» **Task goal**
From the data below, please reproduce exactly everything from the line that contains "White, variant on" down to the line that contains "A股板块轮动实战策略与每月前", with both ends included.

» **Records for the exercise**
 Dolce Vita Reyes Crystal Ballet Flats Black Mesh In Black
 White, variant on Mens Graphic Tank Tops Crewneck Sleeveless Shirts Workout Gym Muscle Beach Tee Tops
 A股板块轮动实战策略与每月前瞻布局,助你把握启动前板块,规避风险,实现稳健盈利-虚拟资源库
...
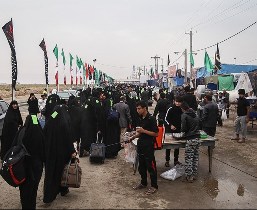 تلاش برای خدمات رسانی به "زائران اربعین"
--
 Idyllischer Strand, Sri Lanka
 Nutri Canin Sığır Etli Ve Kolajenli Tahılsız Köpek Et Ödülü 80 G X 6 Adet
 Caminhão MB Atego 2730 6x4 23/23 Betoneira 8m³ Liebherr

» **Task solution**
 White, variant on Mens Graphic Tank Tops Crewneck Sleeveless Shirts Workout Gym Muscle Beach Tee Tops
 A股板块轮动实战策略与每月前瞻布局,助你把握启动前板块,规避风险,实现稳健盈利-虚拟资源库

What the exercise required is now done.